Either way, my only chance to have the object of my obsession was to accept her betrayal. To show Alice my acceptance. To help her win back Emily.
I could hate her all I needed to, but still I couldn’t kill the bliss in the acceptance she showed me in her arms.
If saving Emily for Alice was the only way to show my love for her, then let it be.
I turned and began to run back to the farmhouse. I cried out, “Alice, Alice.”
In the distance I heard the SUV race along the archway in a cloud of dust.
I fell to my knees with the weight of realization I was too late. I knew she was driving to her death and there was nothing I could do to save her.
History was cruelly repeating itself.
TWENTY NINE
Alice’s journal
I dialed the number on the business card.
“You’ve got it?” Sui Lee said.
“Yes. I’m on my way with it now.”
“The church in the old market place. Twenty minutes.”
She hung up.
In the rear view mirror I could see Michael. I knew I should stop the car and run to him. He vanished in a haze of my tears. I wiped my eyes and stamped on the accelerator.
When I reached the market square it was empty. At this hour most people were too sensible to venture out into the heat of this late summer. Preferring an afternoon siesta, no doubt.
I parked up by an old sun-bleached stone church that must be at least a thousand years old.
I pushed back the black painted wooded double doors and stood in the opening, letting my eyes adjust to the semi-darkness. A figure moved inside near the altar.
I took a deep breath and entered the church.
The cool air preserved by the thick stone was welcome.
The figure moved with an efficient clip towards me in a manner I recognized, but couldn’t place. A blond stepped out of the shadows.
“The formula, if you please, Ms. Angelo.”
“Sinclair? You’re working with Sui Lee?”
She held out her hand impatiently. “Now.”
I handed her the micro memory card. She took it and placed it in her cell phone.

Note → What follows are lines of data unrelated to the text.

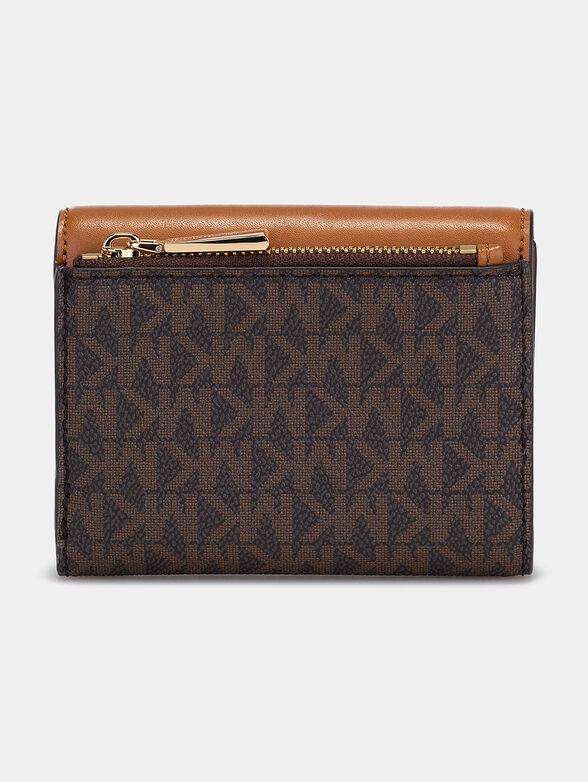 Small purse in dark blue - 3
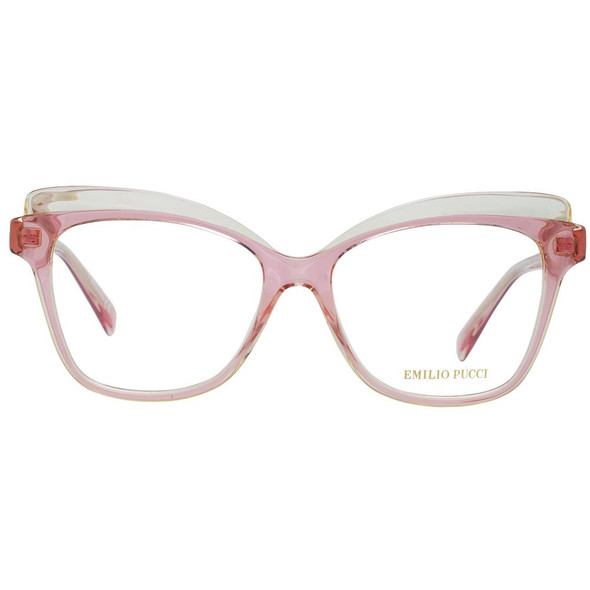 Pink Women Optical Frames PU-1049634 Pink Women Optical Frames PU-1049634
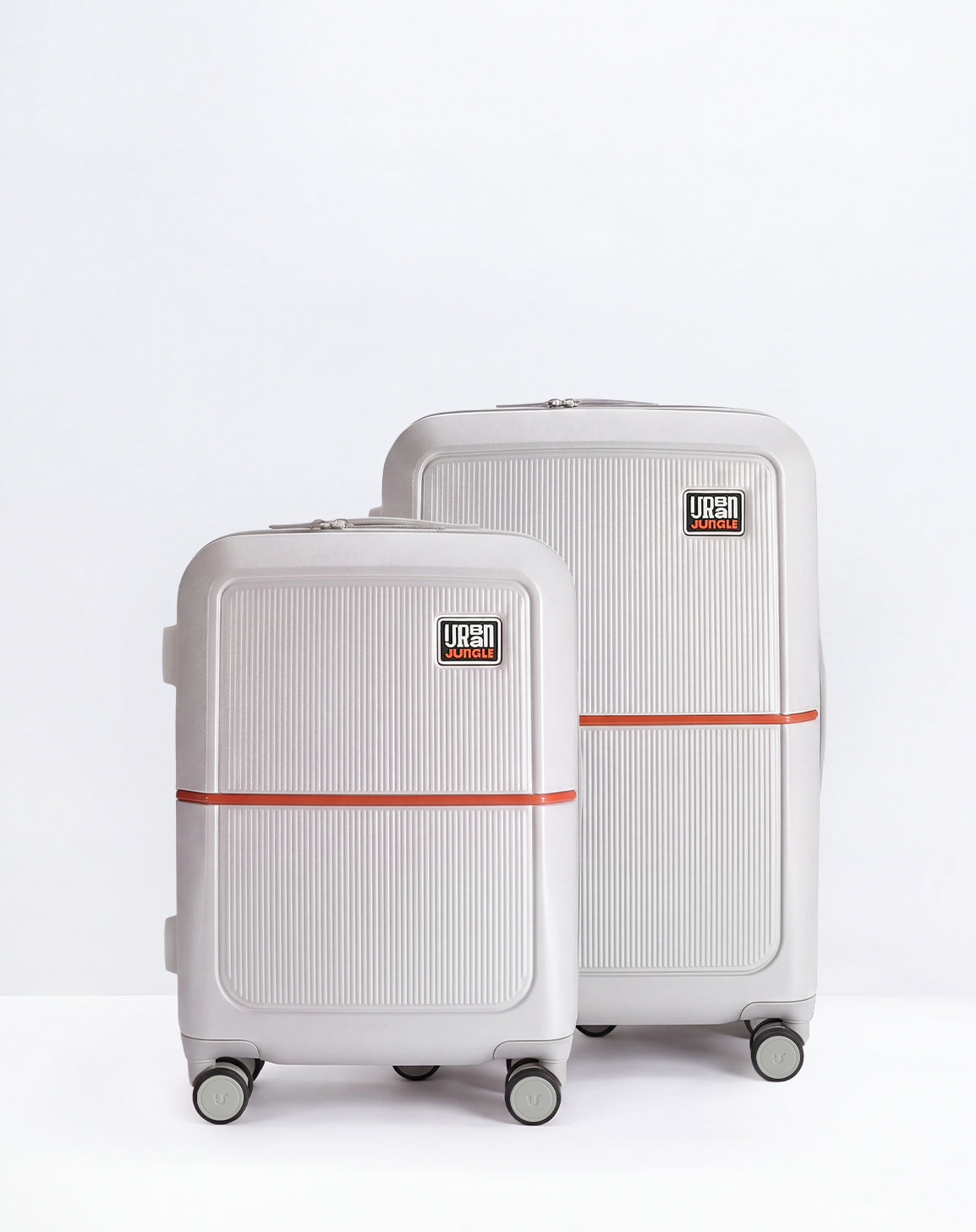 Caliber Set of 2 (Cabin & Medium) – Casper Grey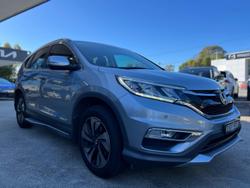 2016 Honda
CR-V Limited Edition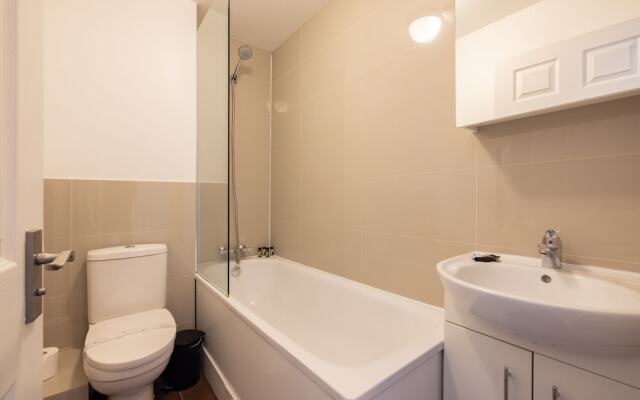 Mornington Crescent Apartments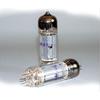 1UA 6P14P-EV = 7189 6BQ5 EL84 E84L High Grade Reflector Tube Matched Pair Soviet Pentode view 1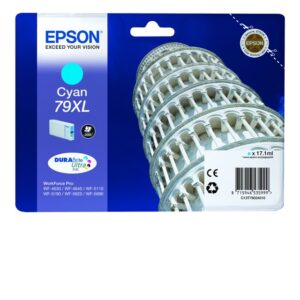Epson 79XL sininen tulostuskasetti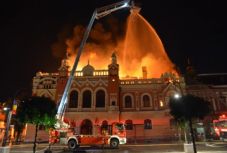 FRISSÍTVE - Újabb részlet derült ki a nagyváradi tűzesetről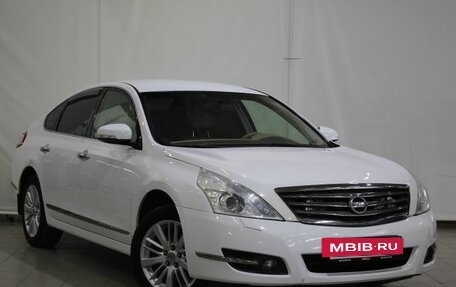 Nissan Teana, 2012 год, 1 250 000 рублей, 5 фотография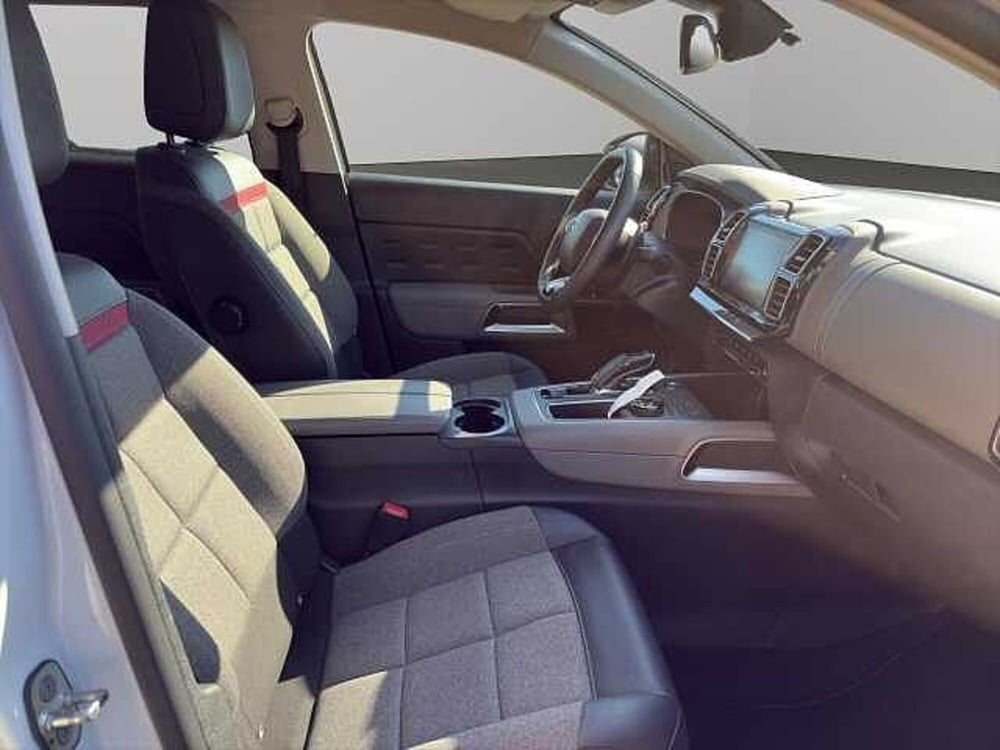 Citroen C5 Aircross usata a Vibo Valentia (10)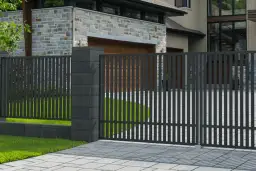 Wysokie ogrodzenie: Jak pogodzić prawo, koszty i prywatność?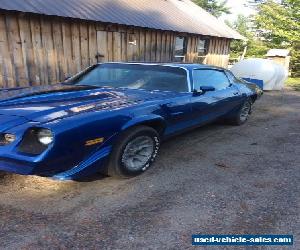 1981 Chevrolet Camaro Z28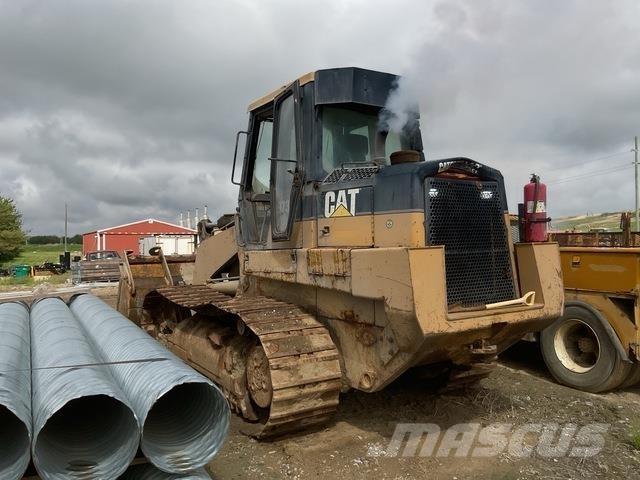 CAT 973C Crawler loaders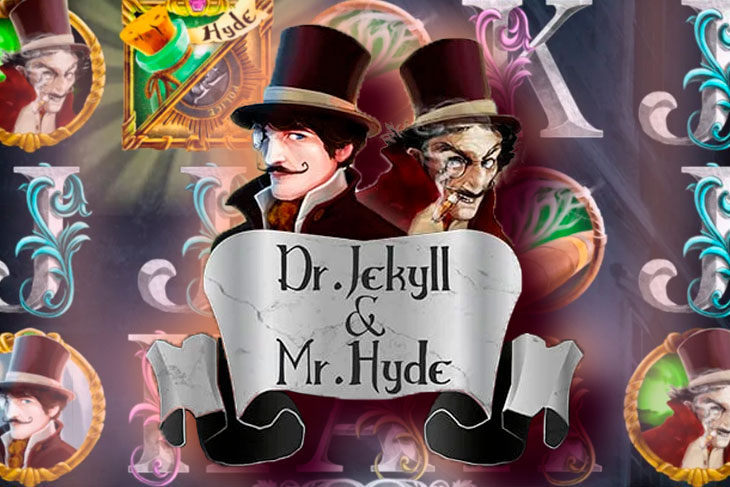 Dr.Jekyll and Mr.Hyde by Iron Dog Studio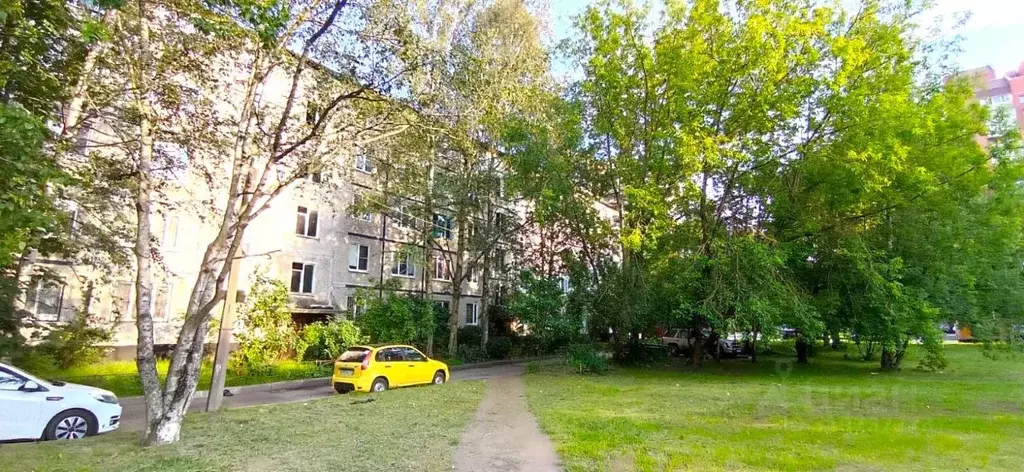 2-к кв. Санкт-Петербург Дальневосточный просп., 80 (46.0 м) - Фото 0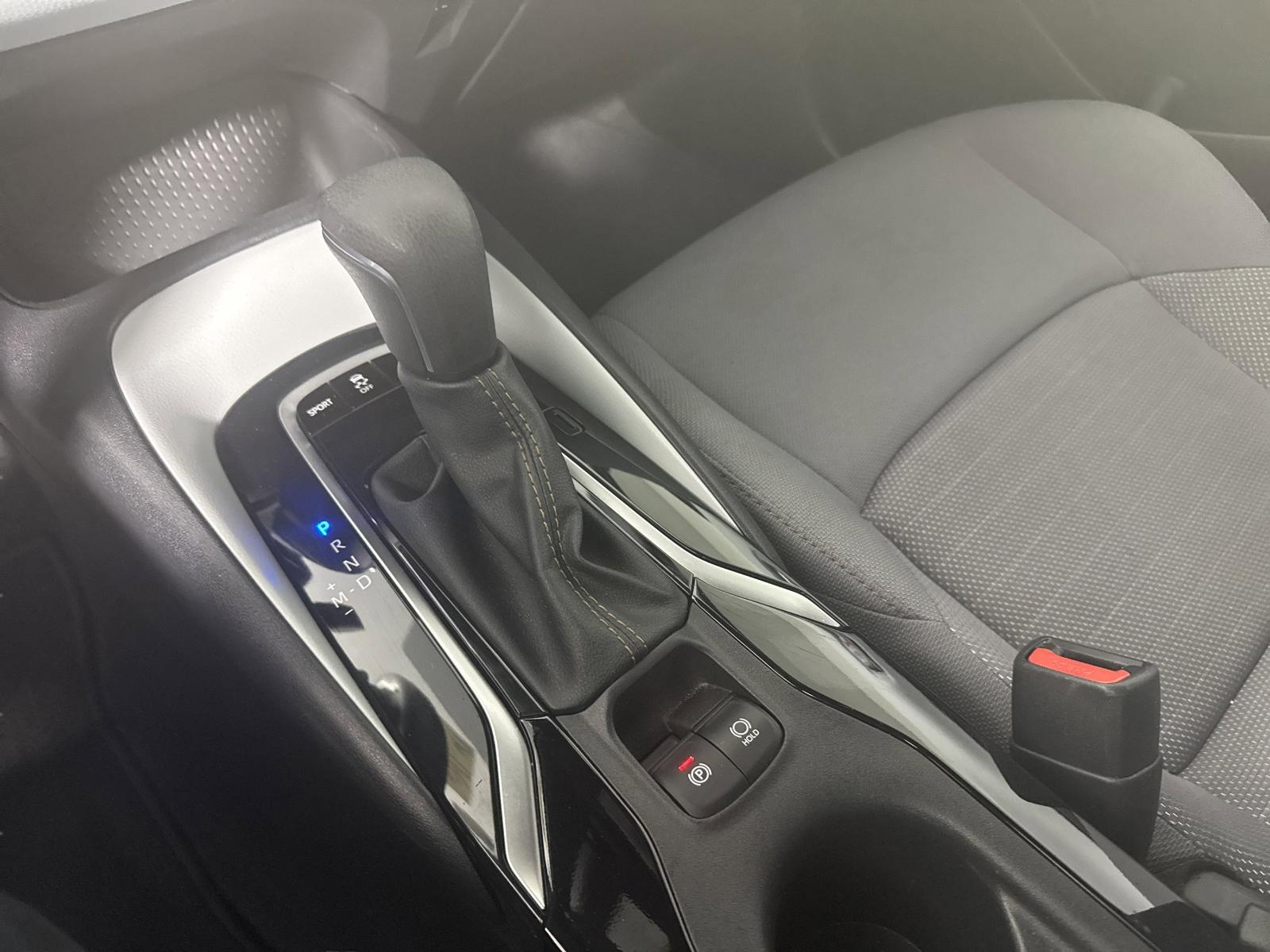 2022 Toyota Corolla Vehicle Photo in GEORGETOWN, TX 78626-7508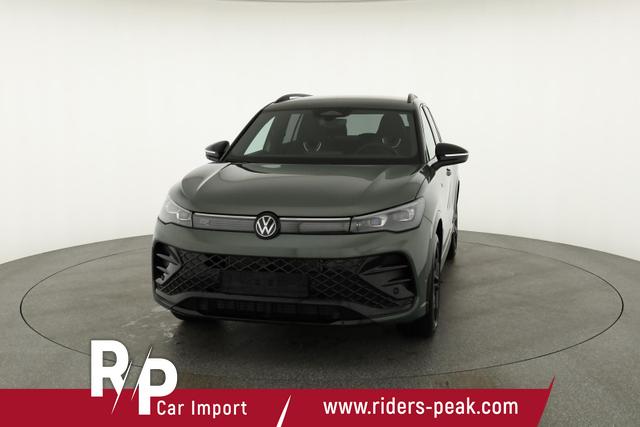 Volkswagen Tiguan 2.0 TSI 195 kW 4Motion R-Line DSG 4M Black, AHK, IQ.Light, AreaView, 20-Zoll, Navi 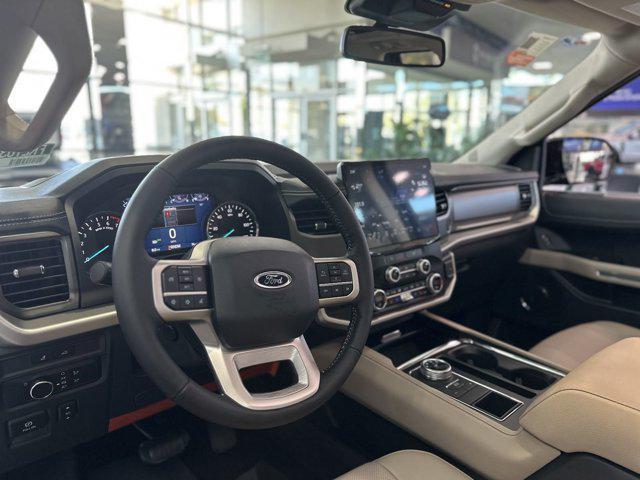 new 2024 Ford Expedition car, priced at $61,950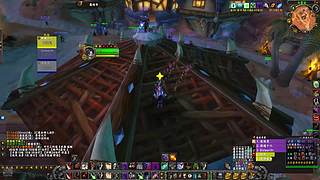 周年盗贼PVP2+3竞技场心态爆炸高血压
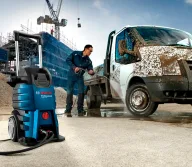 Мойка высокого давления BOSCH GHP 5-55 2200вт 130бар 520л/ч-7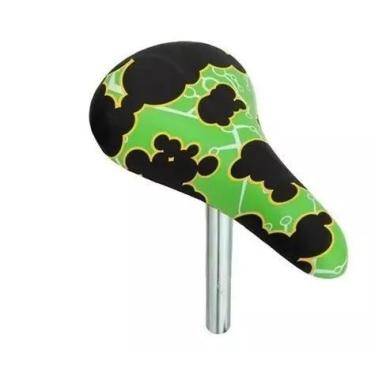 Imagem de Selim Mirim Banco Para Bicicleta Infantil Aro 12 16 20 Kalf, B10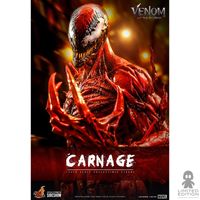 Preventa Hot Toys Carnage Deluxe Version Marvel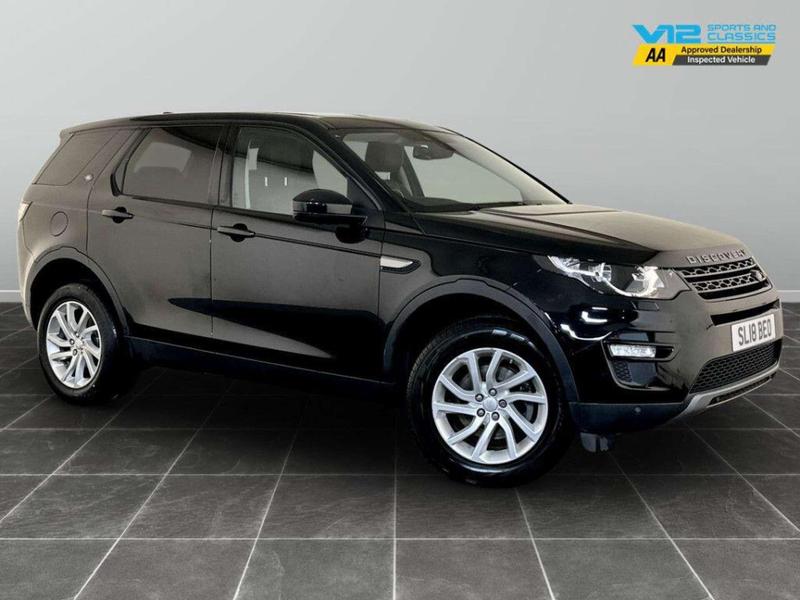 Used Land Rover Discovery Sport 2018 for sale - 76826039: Photo 1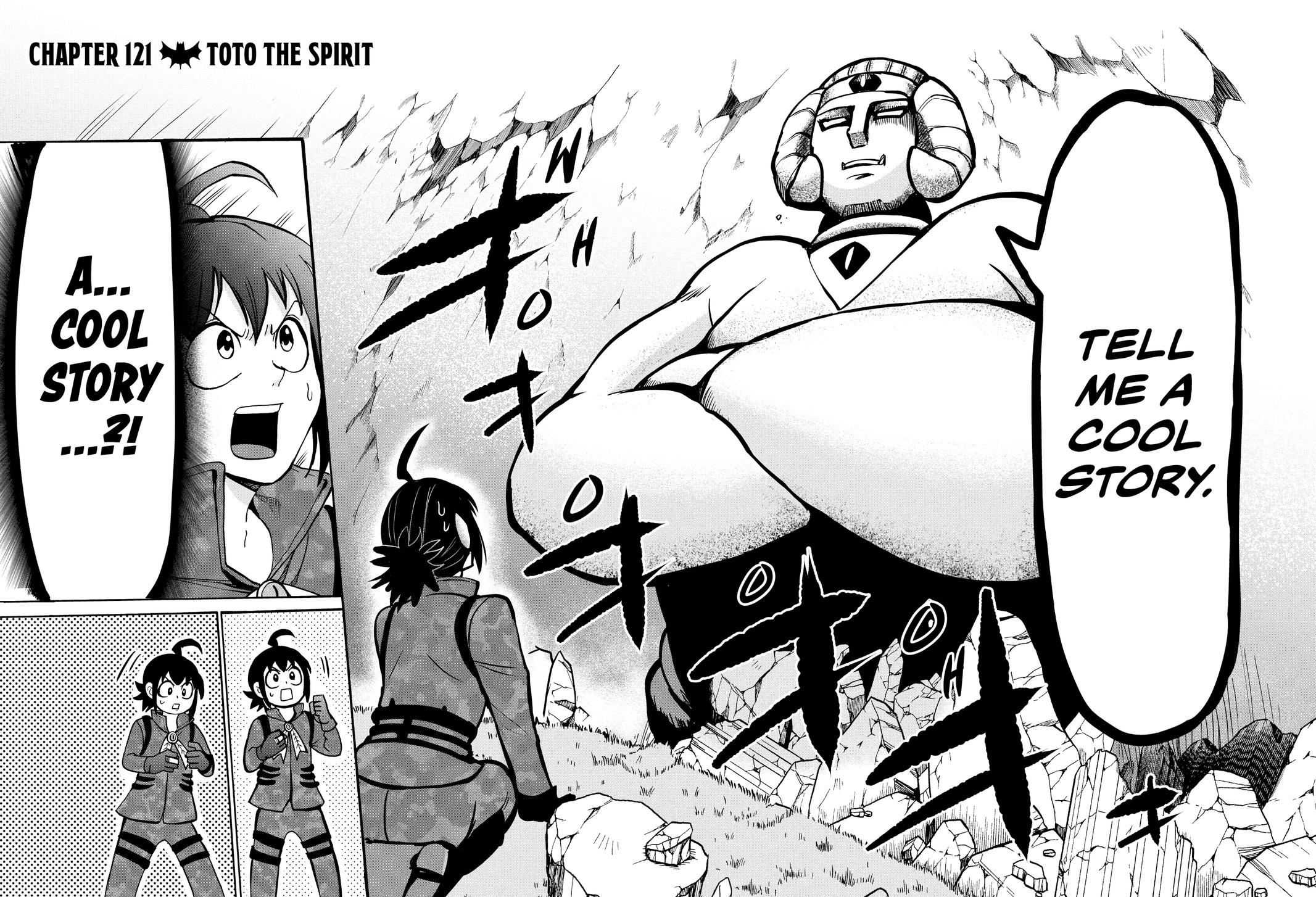 Read Welcome to Demon School En Manga Online
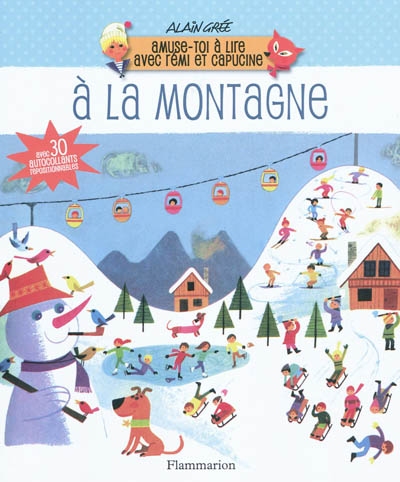 A la montagne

“Does Barret know you’ve betrayed him, Sinclair?”
She smiled and swiped through the pages of photographs and shook her head.
“It’s incomplete.”
“It can’t be. I was careful to...”
Sinclair smiled with dead eyes as if the glee at my downfall was too much to bear. She glanced around her as if asking the statues of angels for inspiration or my salvation.
I heard footsteps behind and felt the cold hard steel of a gun barrel on my neck.
A cell phone pressed hard against my ear.
“Say goodbye to Emily,” Sui Lee whispered.
“No, please,” I cried out.
I could hear Emily crying on the line.
“Please,” I shouted, “I’ll get what you want. You gave me twenty four hours. There’s still time. I’m begging you.”
“Should I kill her now?” Sui Lee asked.
Sinclair hesitated and sighed. She glanced at the shadows between the statues of two angels.
A shadow of a figure moved and stepped into the light offered by a single god ray.
He was an athletic man in a light linen suit.
“No,” Jonathan Barret said as he picked lint off the shoulder of his cream suit. “We’ll give her one last chance.”
“Jonathan?” I gasped. “If you’re working with Sui Lee, what was the point in hiring me?”
He shrugged. “I wanted it to be personal.”
“Personal? How?”
“Michael murdered someone dear to me. He deserves worse than death. An eternal suffering of knowing that what he destroyed has come back to haunt him.”
My stomach back flipped. “What are you talking about?”
Barret took the cell phone from Sui Lee and put it up to her ear.
“I’m not a monster you know,” he said. “The real monster is Michael.”